Activist sentenced for leading "illegal" demonstrations
“The Israeli military authorities seem to have known it would be hard to justify convicting an activist for only leading peaceful protests, so they apparently used oppressive methods to produce evidence that he also encouraged children to throw stones,” said Joe Stork, deputy Middle East director at Human Rights Watch.
The court convicted Tamimi of leading illegal demonstrations, on the basis of Israeli military orders that criminalize even non-violent protests. The conviction came against a background of laws and practices that made it practically impossible for Tamimi to hold a demonstration in his home village, Human Rights Watch said.
“Israel's military justice system indicted itself with its verdict against Bassem Tamimi,” Stork said. “In practice, the military made it virtually impossible for him to protest in his village and then convicted him of leading illegal demonstrations when he tried to hold protests anyway.”
He was further convicted of soliciting children and youths to throw stones on the basis of evidence that, the court said, rested to a decisive degree on a statement obtained by police interrogators from a 15-year-old Palestinian boy whom soldiers had arrested at gunpoint late at night. They questioned the boy for more than four hours the following morning, after he had not slept, without letting him have a parent or lawyer present. In that statement, the boy said that Tamimi had encouraged youths to throw stones, but in court the boy retracted his statement and said the police had instructed him to incriminate Tamimi.
The Israeli military raided Tamimi's home and arrested him on March 24, 2011. The military authorities have detained Bassam Tamimi 11 times but had never previously charged him with a crime. The military court ordered his release on bail on April 24, 2012, so that he could visit his mother, who had suffered a stroke. Tamimi is currently living in Ramallah and is barred from participating in the weekly protests in his home village of Nabi Saleh, in the West Bank.
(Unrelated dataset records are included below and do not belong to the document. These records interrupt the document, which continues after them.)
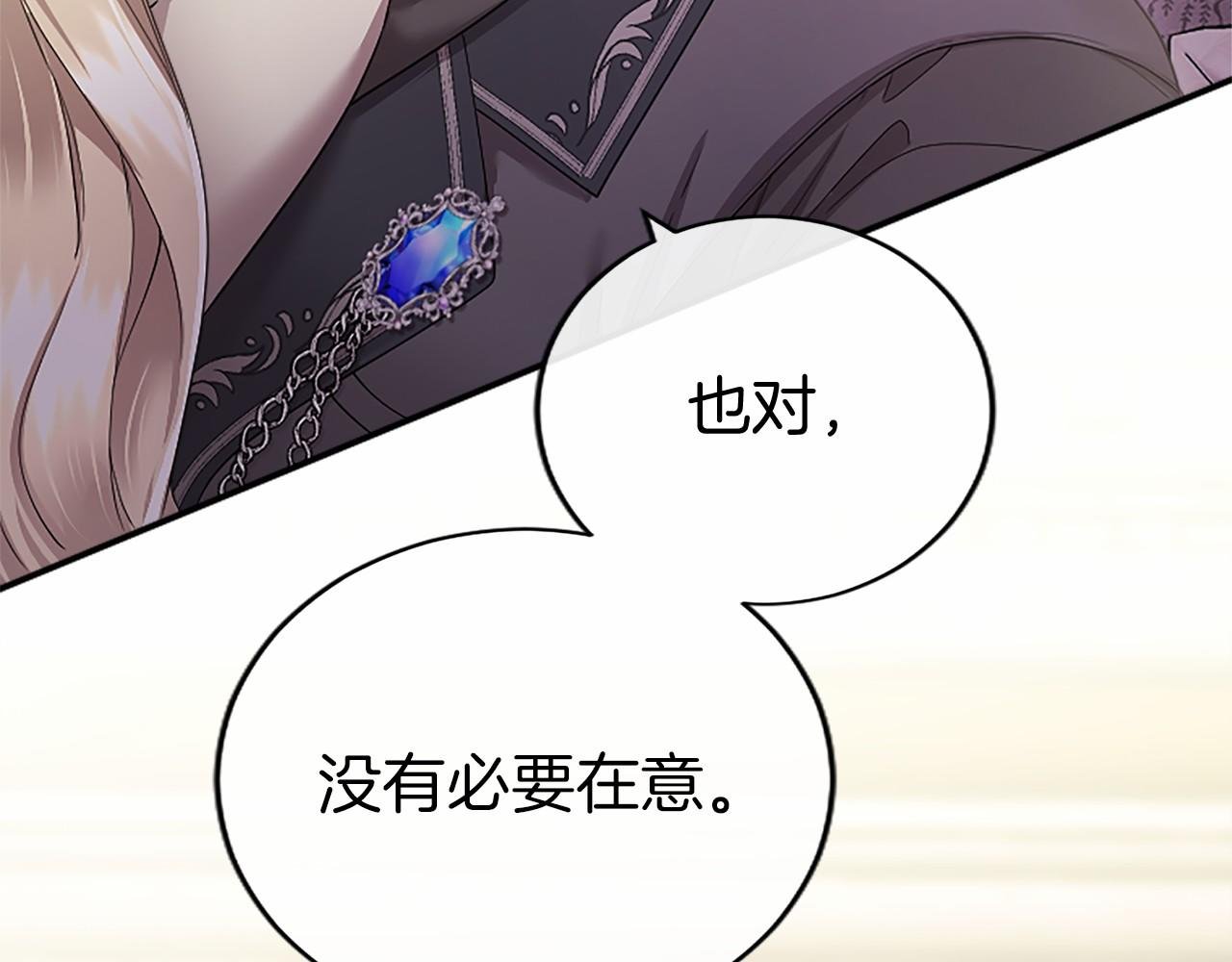 第45话 生日快乐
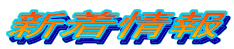 �V�����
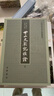 廿二史劄記校證（全2冊(cè)·中國(guó)史學(xué)基本典籍叢刊） 曬單實(shí)拍圖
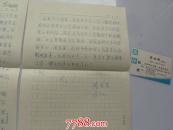 （思想汇报）钱爱东信杂3页放在电脑后1号柜台上至下第三层2024.2.13正整理装袋手稿类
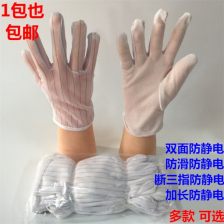 點塑防滑防靜電手套 安全防護與高效作業(yè)的完美結(jié)合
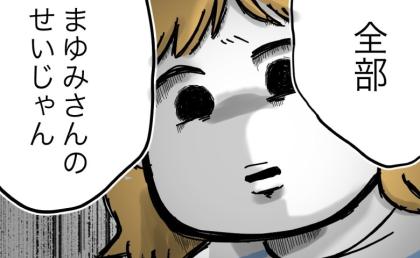 義姉「全部あんたのせい」預かっていた子どもがもめ事に…→妻「嘘…」見落としていた“異変”とは？ #ぜんぶ、私のせい？ 21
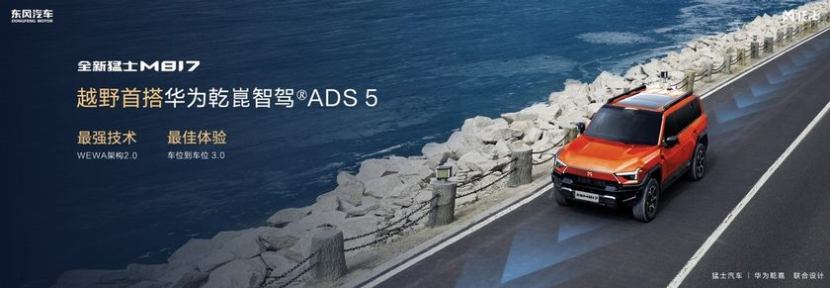 全新猛士M817预售正式开启，37万起！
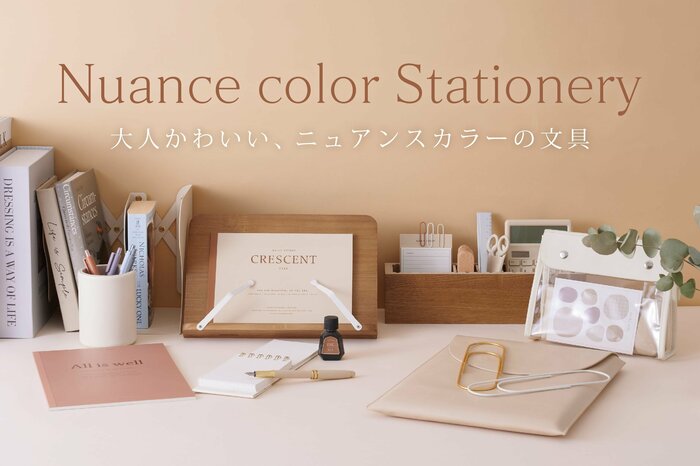 3COINS公式 Nuance color Stationery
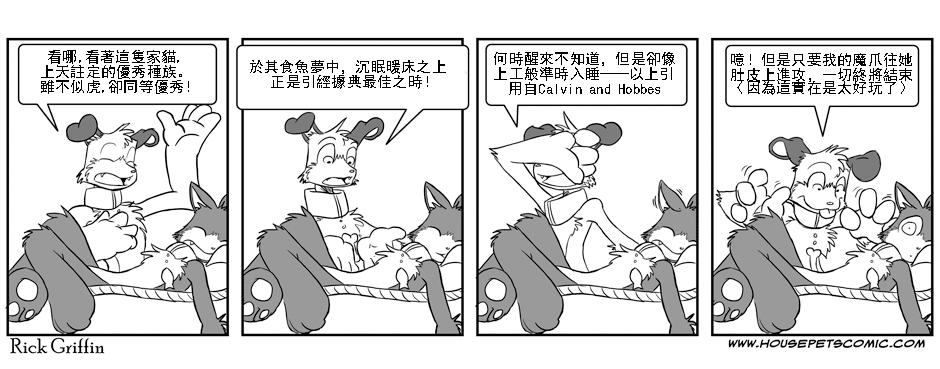 《Housepets!》漫画最新章节第49话免费下拉式在线观看章节第【1】张图片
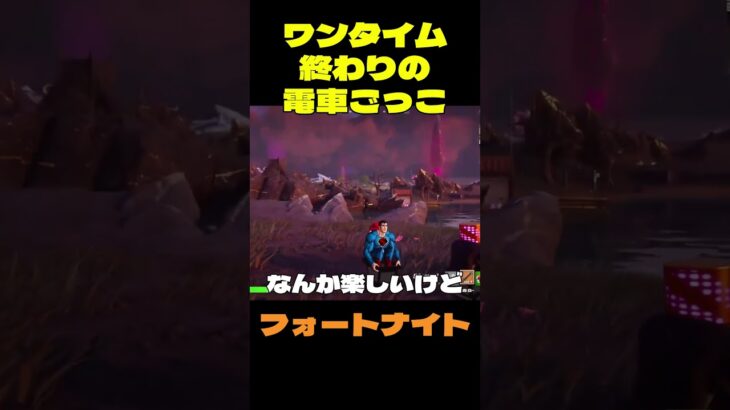 【フォートナイト】ワンタイム終わりの電車ごっこ #フォートナイト #FORTNITE #shorts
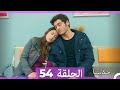 حكايتنا الحلقة - 54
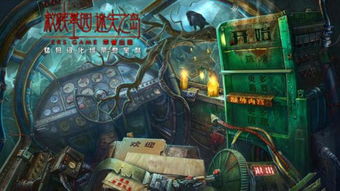 手机游戏救赎墓园攻略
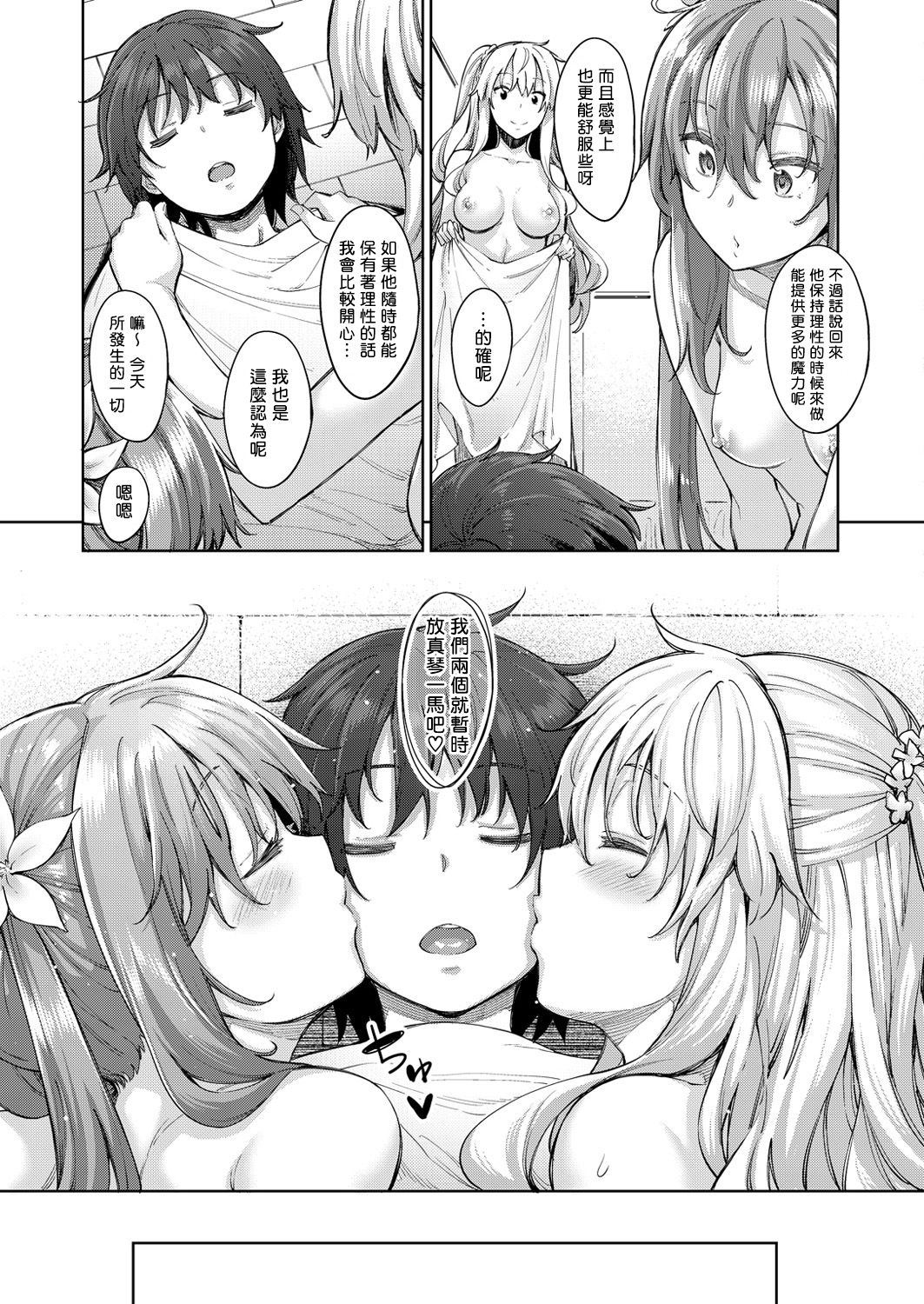 [あきのそら] 姉季折々 第1-2.5話 [中国翻訳] [DL版]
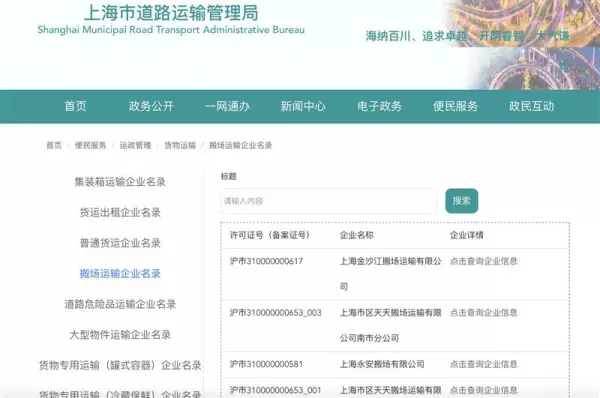 公兴搬家怎么收费(5)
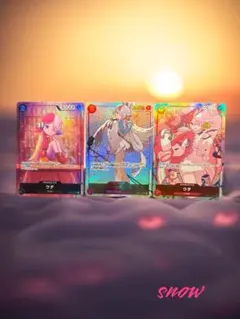 H*n様 ウタ シークレットパラレル OP02-120 セット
On May 29, the court sentenced Tamimi to 13 months in prison, amounting to the time he had already served. He also received a 17-month suspended sentence that will be triggered if he is convicted, during the next five years, of incitement or stone throwing, and a two-month sentence if he is convicted of participating in illegal demonstrations during the next two years.
In a similar case in 2011, an Israeli military appeals court sentenced Abdallah Abu Rahme, a Palestinian advocate of nonviolent protests, to 16 months in prison.